When Saddam Hussein and his aides Awad Hamed al-Bandar and Barzan Ibrahim were hanged, many were upset that the killings were not done with “dignity.” They thought it unseemly and improper that some present at the execution hurled insults and taunted Hussein, or that his half-brother Ibrahim was decapitated in the process.
That’s like talking about icing without talking about the cake.
Here’s the cake: rendering Hussein or any human being defenseless and killing him. Imposing a violent death on a person is the greatest indignity of all; it makes name-calling or taunts pale in significance.

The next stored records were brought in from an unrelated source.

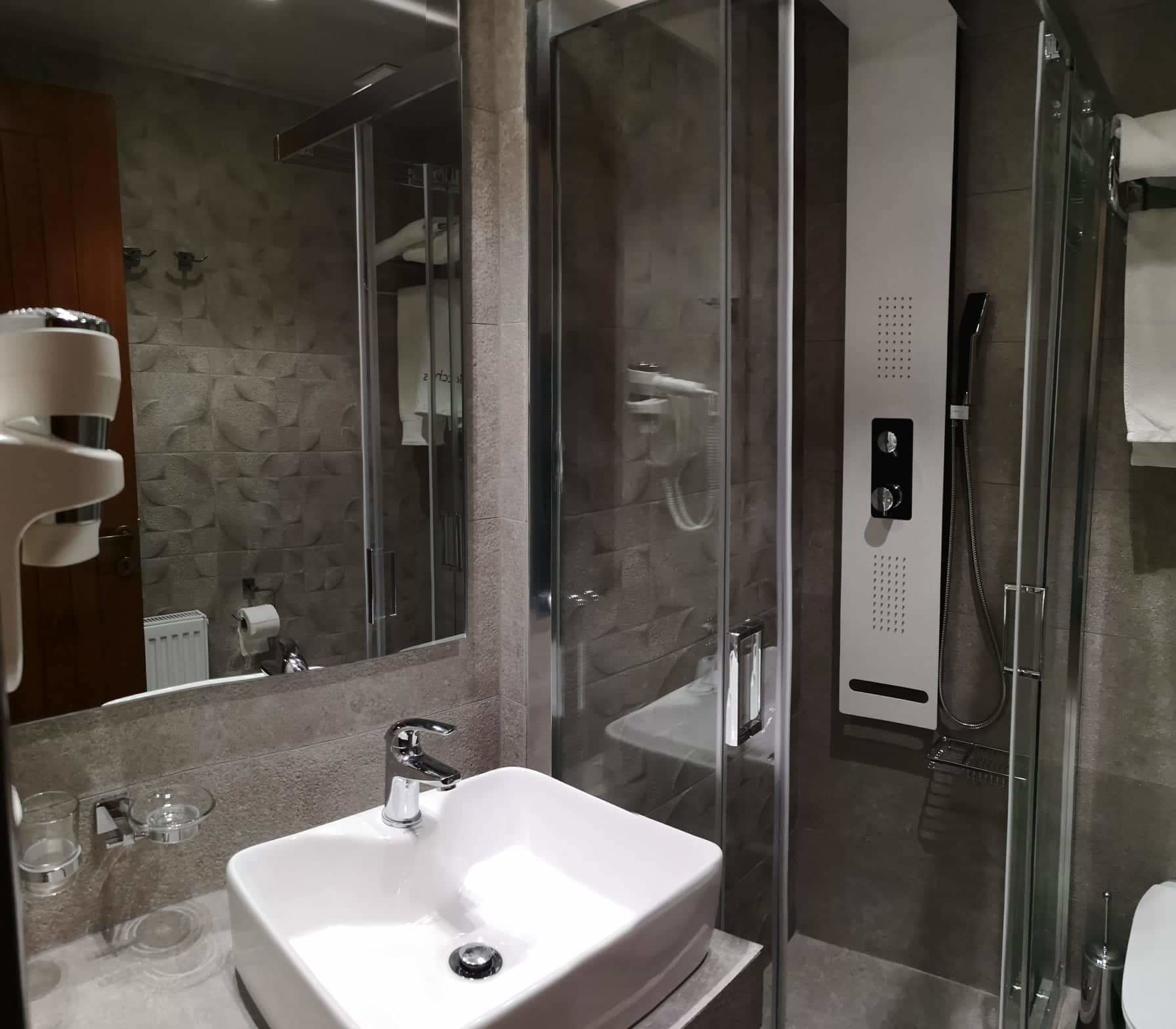 A modern bathroom with a glass-enclosed shower, a white sink, and a mirror.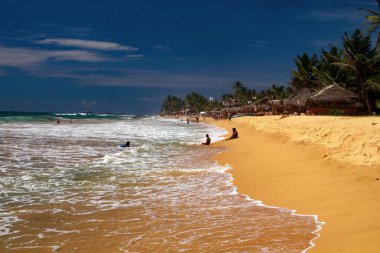Hikkaduwa, Sri Lanka - 9 Aralık. 2010: Tropikal sahilde palmiye ağaçları ve dalgalı deniz manzarası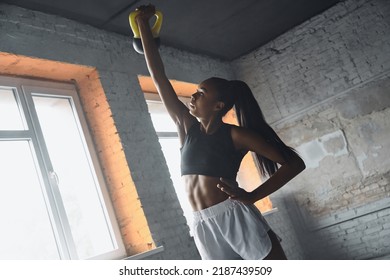 Confident young African woman lifting kettlebell while exercising in gym - Powered by Shutterstock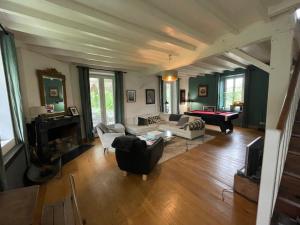 a living room with couches and a pool table at Au moulin d'Izaourt in Izaourt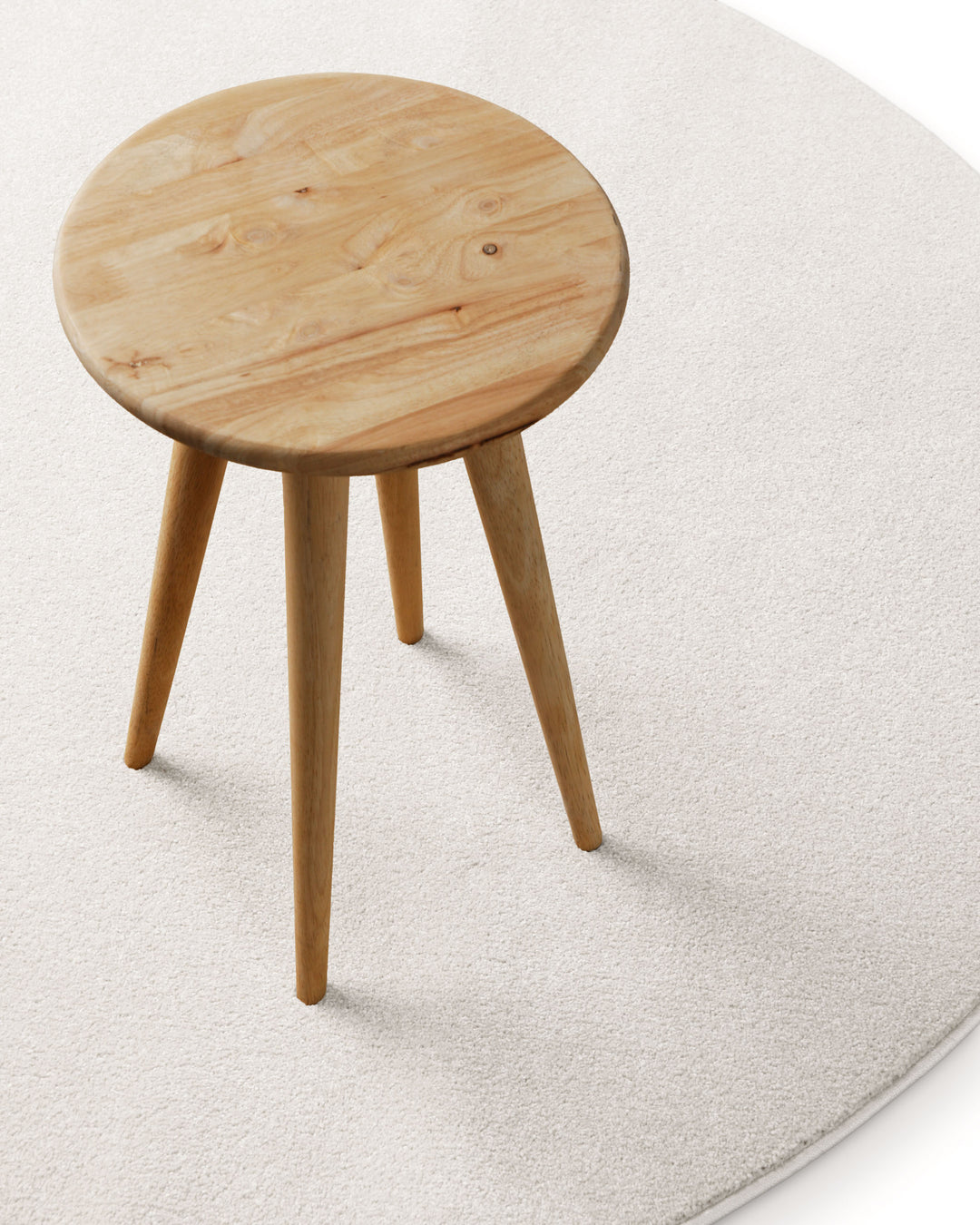 Kurzflor Teppich Freja Creme Weiß rund im Wohnraum mit Hocker, zeigt helle und ruhige Farbwirkung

Can a state killing ever be done with dignity? This question was at the heart of my dialogue with Pope John Paul II in January 1997. I informed him of the U.S. Supreme Court statement in Furman v. Georgia, which claimed that executing human beings is not “inconsistent with our respect for the dignity of men.” And I told him how in accompanying the condemned to their deaths, most asked me to “pray that God holds up my legs.”
“How can one possibly subject human beings to torture and to death and yet respect their dignity?” I asked.
The pope responded publicly when he visited St. Louis in 1999 and said: “A sign of hope is the increasing recognition that the dignity of human life must never be taken away, even in the case of someone who has done great evil.” He then renewed his call for the abolition of the death penalty, which, he said, “is both cruel and unnecessary.”
Even for Saddam Hussein.
The response to Hussein’s execution from Vatican officials has been unequivocal in their condemnation. “There is no doubt,” said Cardinal Renato Martino, president of the Pontifical Council for Justice and Peace, “that Saddam was a ruthless dictator responsible for hundreds of deaths. But one does not compensate for one crime with another crime. The church proclaims that human life is to be protected from conception to natural death. The death penalty is not a natural death.” Cardinal Martino said it was not morally licit for anyone, “not even the state,” to kill another person.
Hussein’s hanging was “tragic news,” said Vatican spokesman Federico Lombardi. He went on to say: “This is a reason for sadness even if this is about a person who is guilty of serious crimes. The position of the Catholic church, which is against the death penalty whatever the circumstances, needs to be repeated again: There is a risk that [the hanging] feeds the spirit of vengeance and plants the seeds for fresh violence.”
Since 9/11, we have seen time and again the operation of this cycle of vengeance and violence. When will we ever learn?
Sister Helen Prejean is a member of the Sisters of St. Joseph of Medaille and a prominent anti-death penalty advocate whose work was featured in the film Dead Man Walking. Her most recent book is The Death of Innocents: An Eyewitness Account of Wrongful Executions.